Ondanks het feit dat het nu komkommertijd is en er ook veel zaken rustig doorkabbelen, is de vermeende rust in pensioenland bedrieglijk. Een aantal werkgevers is inmiddels al bezig om voor te sorteren op de gevolgen van het nieuwe pensioenstelsel, daarin bijgestaan door hun adviseurs. Gelet op wat er moet gebeuren, is dat ook verstandig.

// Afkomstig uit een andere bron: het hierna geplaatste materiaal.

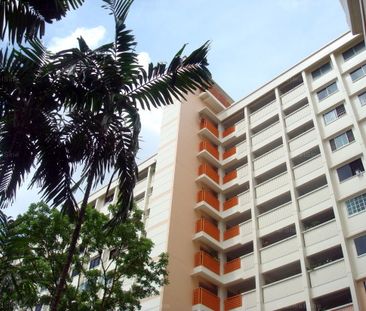 Blk 642 Yishun Street 61 (Yishun), HDB 4 Rooms - For Rent - Photo 2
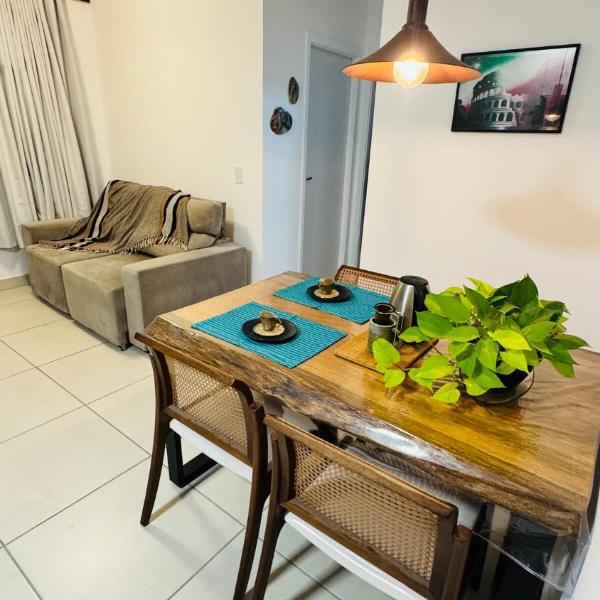 Apartmento Novo Arena MRV & Expominas - Foto 4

Inmiddels is aangekondigd dat de FOR gaat verdwijnen en er zijn ook tegemoetkomingen verschenen op het gebied van de ODV. Kortom, op dit vlak is er beweging en rijzen er vragen. Welke keuzes moeten er worden gemaakt in verband met de per 1 januari 2023 veranderende pensioenwetgeving? Hoe erg is het nu dat de FOR verdwijnt? Laten we eerst eens kijken naar de verschillende keuzes in het nieuwe pensioenstelsel.

Solidair versus flexibel

In het nieuwe pensioenstelsel kennen we nog maar één toegestane pensioenregeling; de beschikbarepremieregeling. Binnen dit beschikbarepremiestelsel komt er wel een keuzemogelijkheid. Werkgevers en werknemers mogen straks kiezen voor een solidaire of flexibele regeling. Bij een solidaire regeling wordt een ‘pensioendoelstelling’ vastgesteld en vervolgens berekent de pensioenuitvoerder de bijbehorende premie. Op de pensioendatum bedingt de deelnemer vervolgens de jaarlijkse uitkering. In een flexibele regeling wordt de ingelegde premie belegd en moet de werknemer op de pensioendatum zijn uitkering bedingen. Die uitkering is in de solidaire regeling altijd variabel en in de flexibele regeling mag de uitkering ook vast zijn. De hoogte van de ‘solidaire uitkering’ is afhankelijk van onder andere de beleggingsopbrengsten.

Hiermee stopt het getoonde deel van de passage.